“Gates appeal to me because of the negative space they allow. They can be closed but at the same time they allow the seasons and breezes to enter and flow. They can shut you out or shut you in. And in some ways there is no difference.”—Bob Dylan
“Sometimes the door closes for us so we might turn and see an open gate to a wider field of opportunity.”—Brendon Burchard
As I made my way back across campus, the early evening sun was angling low on the horizon. The dark clouds, that had earlier seemed full of the promise of a downpour, had passed on, allowing a golden light, the color of a light beer, to flow over the mountainside as if pouring from a tap. It is my favorite type of sunlight, and normally, this type of sundown glow over rolling ancient mountains would fill my being with abundant joy. And yet . . .
Walking down the steep incline, I saw it there—the black, wrought iron double gate–complete with a spear point top situated perfectly in the center—was now closed. Only moments earlier, it had been opened. First-year students, some giggling, some talking, and others quietly observant, had streamed through this gate following the ornately robed staff and faculty that led from the opposite side of the gate. The entire procession made its way up the rise and into the inner courtyard of Old Main, a grand piece of Gothic Revival architecture dating back to 1858. It was a deeply symbolical gesture.
Staring at the old black gates, my heart began to beat rapidly, my throat filled with the now familiar lump that had been making frequent appearances over the past few days, and my head felt pained from the emotions I was withholding behind my own figurative gate. Less than 60 minutes ago, I stood there. Less than 60 minutes ago, she walked past me. Less than 60 minutes ago, I still had a child at home. Less than 60 minutes ago, the Matriculation Convocation of Bethany College began with the sounds of a mournful, lone bagpipe tune. Time, time, time.
Historically, the word wrought comes from the past tense form of the verb, to work. As English evolved and changed over the years, the word, worked, became the past tense form of, to work. Thus, the word, wrought iron, in a literal sense, means worked iron.

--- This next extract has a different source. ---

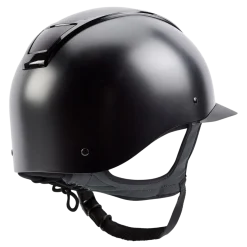 Champion Insight Oval Standard Peak Riding Hat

Before the development of modern steel making, wrought iron was the most common form of malleable iron. In addition to its manipulability, it was also valued for it toughness. Therefore, wrought iron could be fashioned into original and striking pieces that were, and still are, ornamental, functional, and lasting. This combination made it quite coveted, historically, for thousands of years. In fact, at one time, blacksmiths, often apprenticed in the art of crafting wrought iron, were highly sought after and often considered on par with doctors within their communities. Therefore, I found it quite fitting that the first-year students walked through wrought-iron gates.
To begin, there is the obvious visual. Symbolically, students walked through the gates parting ways with childhood. They were taking leave from the familiarity of family, friends, school, community, and so forth, while crossing into a universe full of unknowns–fresh starts, new friends, new routines, more autonomy, less dependence, and a world of possibilities, one that requires more intrinsic drive.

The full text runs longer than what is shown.